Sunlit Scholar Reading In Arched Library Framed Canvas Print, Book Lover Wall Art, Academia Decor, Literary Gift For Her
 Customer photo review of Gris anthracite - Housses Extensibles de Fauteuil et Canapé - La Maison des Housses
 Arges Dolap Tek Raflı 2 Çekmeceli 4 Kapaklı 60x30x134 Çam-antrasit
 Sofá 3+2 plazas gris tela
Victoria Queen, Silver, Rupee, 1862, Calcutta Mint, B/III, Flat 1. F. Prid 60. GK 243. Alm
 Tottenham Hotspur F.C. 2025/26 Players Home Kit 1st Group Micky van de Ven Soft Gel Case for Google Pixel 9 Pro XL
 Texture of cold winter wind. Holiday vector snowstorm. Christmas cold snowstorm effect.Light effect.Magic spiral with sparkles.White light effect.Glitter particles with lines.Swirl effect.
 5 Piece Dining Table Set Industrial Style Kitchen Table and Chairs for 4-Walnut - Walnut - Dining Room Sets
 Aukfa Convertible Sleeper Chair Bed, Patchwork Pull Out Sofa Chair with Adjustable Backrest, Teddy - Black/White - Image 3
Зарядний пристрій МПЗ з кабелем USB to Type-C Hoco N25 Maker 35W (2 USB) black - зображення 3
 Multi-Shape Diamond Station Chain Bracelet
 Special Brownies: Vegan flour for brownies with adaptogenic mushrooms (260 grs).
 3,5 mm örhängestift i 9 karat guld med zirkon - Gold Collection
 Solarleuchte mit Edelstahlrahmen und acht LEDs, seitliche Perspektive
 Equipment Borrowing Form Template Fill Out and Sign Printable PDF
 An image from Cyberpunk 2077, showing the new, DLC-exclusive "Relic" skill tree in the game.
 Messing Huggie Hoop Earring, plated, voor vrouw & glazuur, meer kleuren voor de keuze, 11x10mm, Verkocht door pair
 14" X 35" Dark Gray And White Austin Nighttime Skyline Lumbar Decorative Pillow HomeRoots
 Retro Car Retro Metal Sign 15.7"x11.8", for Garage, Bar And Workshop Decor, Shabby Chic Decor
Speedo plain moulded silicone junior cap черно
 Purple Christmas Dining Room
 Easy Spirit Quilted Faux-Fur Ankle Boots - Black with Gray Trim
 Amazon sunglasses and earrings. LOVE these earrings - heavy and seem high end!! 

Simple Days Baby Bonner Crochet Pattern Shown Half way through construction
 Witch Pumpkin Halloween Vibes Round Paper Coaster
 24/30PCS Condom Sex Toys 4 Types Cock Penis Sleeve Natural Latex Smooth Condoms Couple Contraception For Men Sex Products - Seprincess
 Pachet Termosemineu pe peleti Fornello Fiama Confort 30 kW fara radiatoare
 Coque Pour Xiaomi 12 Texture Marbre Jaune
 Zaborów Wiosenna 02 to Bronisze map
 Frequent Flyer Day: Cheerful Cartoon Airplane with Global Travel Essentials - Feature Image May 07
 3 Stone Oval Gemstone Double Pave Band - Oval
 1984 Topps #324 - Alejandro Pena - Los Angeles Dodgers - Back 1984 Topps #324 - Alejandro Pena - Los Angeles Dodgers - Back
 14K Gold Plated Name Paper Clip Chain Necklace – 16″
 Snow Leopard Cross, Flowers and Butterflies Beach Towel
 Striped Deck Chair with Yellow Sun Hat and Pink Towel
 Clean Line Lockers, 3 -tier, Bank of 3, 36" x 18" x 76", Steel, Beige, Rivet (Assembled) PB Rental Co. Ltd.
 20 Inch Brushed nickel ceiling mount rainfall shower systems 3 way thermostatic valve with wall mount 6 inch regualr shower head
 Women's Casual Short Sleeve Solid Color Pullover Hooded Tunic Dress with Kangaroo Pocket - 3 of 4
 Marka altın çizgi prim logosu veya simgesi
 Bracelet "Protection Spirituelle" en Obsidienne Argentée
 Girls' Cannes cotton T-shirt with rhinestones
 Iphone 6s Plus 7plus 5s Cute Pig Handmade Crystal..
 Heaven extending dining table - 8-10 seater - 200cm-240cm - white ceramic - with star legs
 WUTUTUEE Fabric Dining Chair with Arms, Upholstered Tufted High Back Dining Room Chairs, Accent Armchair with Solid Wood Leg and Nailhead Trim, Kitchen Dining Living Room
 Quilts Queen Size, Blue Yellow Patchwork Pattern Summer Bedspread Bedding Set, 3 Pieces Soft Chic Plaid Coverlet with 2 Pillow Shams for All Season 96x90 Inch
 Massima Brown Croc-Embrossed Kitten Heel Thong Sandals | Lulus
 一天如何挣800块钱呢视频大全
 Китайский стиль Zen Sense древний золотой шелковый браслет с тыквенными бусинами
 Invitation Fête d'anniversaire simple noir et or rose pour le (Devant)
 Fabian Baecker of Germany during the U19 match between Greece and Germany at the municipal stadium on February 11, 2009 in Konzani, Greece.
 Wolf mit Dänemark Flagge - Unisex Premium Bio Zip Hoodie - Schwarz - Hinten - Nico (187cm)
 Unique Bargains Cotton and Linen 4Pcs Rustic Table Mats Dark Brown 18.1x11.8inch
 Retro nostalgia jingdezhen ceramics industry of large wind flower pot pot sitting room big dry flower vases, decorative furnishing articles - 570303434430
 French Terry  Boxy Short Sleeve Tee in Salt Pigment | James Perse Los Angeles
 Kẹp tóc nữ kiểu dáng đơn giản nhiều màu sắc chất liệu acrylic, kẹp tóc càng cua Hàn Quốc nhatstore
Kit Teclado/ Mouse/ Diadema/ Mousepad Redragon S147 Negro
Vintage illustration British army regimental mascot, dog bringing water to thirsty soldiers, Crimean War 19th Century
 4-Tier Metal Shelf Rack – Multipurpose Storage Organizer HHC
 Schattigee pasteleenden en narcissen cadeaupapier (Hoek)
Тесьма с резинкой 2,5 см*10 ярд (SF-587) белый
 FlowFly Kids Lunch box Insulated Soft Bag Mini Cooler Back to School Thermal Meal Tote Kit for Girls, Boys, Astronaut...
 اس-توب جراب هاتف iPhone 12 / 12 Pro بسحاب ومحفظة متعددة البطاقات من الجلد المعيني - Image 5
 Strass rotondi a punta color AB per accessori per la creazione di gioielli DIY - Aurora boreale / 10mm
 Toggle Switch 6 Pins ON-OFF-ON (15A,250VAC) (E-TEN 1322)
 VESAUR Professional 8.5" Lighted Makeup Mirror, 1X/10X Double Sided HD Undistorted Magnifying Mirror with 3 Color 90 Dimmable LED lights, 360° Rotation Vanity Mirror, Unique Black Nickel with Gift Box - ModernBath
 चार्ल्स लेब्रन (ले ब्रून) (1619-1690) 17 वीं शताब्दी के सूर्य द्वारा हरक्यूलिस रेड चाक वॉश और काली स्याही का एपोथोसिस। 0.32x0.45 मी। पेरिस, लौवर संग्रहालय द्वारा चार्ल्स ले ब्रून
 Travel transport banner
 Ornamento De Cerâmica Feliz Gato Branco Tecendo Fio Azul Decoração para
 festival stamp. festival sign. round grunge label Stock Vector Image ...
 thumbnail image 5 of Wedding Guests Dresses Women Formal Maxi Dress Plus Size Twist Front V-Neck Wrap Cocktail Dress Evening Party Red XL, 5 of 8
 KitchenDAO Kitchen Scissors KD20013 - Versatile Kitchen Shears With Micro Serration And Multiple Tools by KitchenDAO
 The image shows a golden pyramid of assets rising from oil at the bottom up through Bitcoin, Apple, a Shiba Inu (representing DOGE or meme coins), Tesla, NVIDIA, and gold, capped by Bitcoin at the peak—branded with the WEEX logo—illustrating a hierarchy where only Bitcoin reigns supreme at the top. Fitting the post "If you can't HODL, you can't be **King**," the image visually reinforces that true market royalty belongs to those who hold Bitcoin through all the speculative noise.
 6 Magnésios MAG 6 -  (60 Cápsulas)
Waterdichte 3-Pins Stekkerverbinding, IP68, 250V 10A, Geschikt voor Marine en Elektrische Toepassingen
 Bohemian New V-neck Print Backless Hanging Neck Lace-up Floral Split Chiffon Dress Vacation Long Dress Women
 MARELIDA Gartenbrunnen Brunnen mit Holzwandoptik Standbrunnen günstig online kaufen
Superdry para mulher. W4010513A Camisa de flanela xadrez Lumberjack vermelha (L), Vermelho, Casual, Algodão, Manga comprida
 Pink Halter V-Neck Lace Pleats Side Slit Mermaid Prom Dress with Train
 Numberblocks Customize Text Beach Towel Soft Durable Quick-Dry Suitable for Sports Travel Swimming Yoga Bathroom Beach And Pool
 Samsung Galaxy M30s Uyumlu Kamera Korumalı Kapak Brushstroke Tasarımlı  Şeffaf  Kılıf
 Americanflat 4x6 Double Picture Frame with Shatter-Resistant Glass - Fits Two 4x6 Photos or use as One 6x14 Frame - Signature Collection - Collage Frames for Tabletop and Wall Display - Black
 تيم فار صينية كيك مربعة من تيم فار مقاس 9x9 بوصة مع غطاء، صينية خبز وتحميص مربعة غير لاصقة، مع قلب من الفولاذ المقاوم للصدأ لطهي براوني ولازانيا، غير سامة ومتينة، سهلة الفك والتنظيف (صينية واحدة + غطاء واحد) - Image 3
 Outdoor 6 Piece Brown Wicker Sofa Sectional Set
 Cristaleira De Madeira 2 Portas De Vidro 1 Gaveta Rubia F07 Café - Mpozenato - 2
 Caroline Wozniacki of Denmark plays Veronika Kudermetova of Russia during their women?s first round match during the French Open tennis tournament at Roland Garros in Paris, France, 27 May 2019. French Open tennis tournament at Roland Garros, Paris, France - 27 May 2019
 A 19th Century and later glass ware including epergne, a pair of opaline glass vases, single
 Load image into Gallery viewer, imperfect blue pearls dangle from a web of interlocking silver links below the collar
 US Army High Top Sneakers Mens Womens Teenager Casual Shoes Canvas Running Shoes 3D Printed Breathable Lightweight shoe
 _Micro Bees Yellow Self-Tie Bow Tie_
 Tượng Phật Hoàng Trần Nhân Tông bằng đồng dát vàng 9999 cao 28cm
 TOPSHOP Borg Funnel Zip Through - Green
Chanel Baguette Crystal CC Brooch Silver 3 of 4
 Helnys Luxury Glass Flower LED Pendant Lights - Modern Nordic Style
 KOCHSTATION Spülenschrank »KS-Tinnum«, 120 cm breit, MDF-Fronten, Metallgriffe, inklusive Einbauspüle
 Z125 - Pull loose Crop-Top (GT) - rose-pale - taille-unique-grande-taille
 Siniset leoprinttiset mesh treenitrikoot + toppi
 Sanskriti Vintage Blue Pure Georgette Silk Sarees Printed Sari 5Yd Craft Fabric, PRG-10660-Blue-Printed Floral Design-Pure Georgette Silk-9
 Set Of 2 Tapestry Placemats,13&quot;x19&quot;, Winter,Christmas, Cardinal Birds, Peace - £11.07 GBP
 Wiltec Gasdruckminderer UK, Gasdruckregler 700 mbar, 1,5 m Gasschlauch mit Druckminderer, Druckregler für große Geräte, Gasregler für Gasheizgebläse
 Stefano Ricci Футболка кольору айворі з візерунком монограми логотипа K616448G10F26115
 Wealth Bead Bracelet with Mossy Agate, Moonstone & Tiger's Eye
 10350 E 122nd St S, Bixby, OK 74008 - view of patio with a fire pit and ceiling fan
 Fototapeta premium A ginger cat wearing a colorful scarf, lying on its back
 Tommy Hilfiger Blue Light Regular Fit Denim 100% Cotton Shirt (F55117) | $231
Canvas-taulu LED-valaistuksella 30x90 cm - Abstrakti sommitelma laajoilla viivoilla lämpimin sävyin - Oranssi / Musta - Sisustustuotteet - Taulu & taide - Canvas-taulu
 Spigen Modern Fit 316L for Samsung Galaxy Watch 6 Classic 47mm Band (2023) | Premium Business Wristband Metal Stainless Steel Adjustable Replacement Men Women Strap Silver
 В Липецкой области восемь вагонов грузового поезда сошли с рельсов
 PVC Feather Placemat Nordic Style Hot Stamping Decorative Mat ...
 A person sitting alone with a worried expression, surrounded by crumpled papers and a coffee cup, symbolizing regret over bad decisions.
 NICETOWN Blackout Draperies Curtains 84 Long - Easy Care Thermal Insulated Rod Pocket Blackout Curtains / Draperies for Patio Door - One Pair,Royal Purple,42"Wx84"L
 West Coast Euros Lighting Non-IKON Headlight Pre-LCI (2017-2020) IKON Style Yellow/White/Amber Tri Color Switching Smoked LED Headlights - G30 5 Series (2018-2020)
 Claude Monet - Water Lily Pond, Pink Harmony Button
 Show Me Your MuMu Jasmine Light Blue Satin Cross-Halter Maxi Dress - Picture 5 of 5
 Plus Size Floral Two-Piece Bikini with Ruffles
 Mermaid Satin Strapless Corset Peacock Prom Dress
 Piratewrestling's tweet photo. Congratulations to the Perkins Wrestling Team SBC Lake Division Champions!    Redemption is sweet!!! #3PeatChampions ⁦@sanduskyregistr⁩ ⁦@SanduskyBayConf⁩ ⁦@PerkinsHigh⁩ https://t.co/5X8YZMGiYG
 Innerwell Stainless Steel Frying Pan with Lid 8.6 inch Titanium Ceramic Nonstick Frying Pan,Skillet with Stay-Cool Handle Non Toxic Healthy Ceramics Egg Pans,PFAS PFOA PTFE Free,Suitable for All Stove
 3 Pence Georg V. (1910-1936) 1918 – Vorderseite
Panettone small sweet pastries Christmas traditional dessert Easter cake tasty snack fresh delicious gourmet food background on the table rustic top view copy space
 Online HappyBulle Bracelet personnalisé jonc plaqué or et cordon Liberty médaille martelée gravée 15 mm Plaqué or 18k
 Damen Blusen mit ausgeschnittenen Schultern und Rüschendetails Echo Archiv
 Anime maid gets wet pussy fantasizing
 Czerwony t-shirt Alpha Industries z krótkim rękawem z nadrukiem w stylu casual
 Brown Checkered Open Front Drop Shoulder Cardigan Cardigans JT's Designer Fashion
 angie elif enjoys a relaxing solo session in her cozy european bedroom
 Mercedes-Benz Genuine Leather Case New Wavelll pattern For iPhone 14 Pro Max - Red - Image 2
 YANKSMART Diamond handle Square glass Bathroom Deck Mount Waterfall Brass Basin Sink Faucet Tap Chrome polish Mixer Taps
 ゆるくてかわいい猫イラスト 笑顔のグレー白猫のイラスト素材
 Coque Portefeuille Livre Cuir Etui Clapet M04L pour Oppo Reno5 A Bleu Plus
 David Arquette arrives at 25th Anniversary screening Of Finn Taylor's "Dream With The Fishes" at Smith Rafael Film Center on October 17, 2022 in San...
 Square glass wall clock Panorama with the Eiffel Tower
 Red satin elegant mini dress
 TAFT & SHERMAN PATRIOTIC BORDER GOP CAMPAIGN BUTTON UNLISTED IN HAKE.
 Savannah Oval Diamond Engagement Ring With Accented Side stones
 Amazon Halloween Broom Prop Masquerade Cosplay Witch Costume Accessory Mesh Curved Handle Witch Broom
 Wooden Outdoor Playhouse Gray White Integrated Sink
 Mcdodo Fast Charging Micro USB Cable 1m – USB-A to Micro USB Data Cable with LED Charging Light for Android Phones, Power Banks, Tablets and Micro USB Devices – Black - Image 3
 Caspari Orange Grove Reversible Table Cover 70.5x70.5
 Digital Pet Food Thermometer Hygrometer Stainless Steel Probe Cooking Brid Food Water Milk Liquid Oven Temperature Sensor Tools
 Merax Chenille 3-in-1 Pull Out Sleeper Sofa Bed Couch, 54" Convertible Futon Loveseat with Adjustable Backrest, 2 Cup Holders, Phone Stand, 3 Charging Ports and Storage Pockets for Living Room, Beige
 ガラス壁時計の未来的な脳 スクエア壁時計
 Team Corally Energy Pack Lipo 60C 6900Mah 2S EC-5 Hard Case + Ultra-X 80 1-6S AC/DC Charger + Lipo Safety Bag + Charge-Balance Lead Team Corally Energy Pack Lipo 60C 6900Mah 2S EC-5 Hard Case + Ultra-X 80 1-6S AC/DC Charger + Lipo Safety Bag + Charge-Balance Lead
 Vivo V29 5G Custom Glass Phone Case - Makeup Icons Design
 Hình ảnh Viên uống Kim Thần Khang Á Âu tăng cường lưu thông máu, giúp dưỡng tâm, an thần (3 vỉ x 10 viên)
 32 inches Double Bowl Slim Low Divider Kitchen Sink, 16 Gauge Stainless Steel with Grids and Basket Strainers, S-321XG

┄┄┄┄┄┄┄┄┄┄┄┄┄┄┄┄┄┄┄┄

About this task: Starting with the first line of the entries, transcribe every line up to and including the one with "Decorative Pillow HomeRoots".

Answer for the task:
Sunlit Scholar Reading In Arched Library Framed Canvas Print, Book Lover Wall Art, Academia Decor, Literary Gift For Her
 Customer photo review of Gris anthracite - Housses Extensibles de Fauteuil et Canapé - La Maison des Housses
 Arges Dolap Tek Raflı 2 Çekmeceli 4 Kapaklı 60x30x134 Çam-antrasit
 Sofá 3+2 plazas gris tela
Victoria Queen, Silver, Rupee, 1862, Calcutta Mint, B/III, Flat 1. F. Prid 60. GK 243. Alm
 Tottenham Hotspur F.C. 2025/26 Players Home Kit 1st Group Micky van de Ven Soft Gel Case for Google Pixel 9 Pro XL
 Texture of cold winter wind. Holiday vector snowstorm. Christmas cold snowstorm effect.Light effect.Magic spiral with sparkles.White light effect.Glitter particles with lines.Swirl effect.
 5 Piece Dining Table Set Industrial Style Kitchen Table and Chairs for 4-Walnut - Walnut - Dining Room Sets
 Aukfa Convertible Sleeper Chair Bed, Patchwork Pull Out Sofa Chair with Adjustable Backrest, Teddy - Black/White - Image 3
Зарядний пристрій МПЗ з кабелем USB to Type-C Hoco N25 Maker 35W (2 USB) black - зображення 3
 Multi-Shape Diamond Station Chain Bracelet
 Special Brownies: Vegan flour for brownies with adaptogenic mushrooms (260 grs).
 3,5 mm örhängestift i 9 karat guld med zirkon - Gold Collection
 Solarleuchte mit Edelstahlrahmen und acht LEDs, seitliche Perspektive
 Equipment Borrowing Form Template Fill Out and Sign Printable PDF
 An image from Cyberpunk 2077, showing the new, DLC-exclusive "Relic" skill tree in the game.
 Messing Huggie Hoop Earring, plated, voor vrouw & glazuur, meer kleuren voor de keuze, 11x10mm, Verkocht door pair
 14" X 35" Dark Gray And White Austin Nighttime Skyline Lumbar Decorative Pillow HomeRoots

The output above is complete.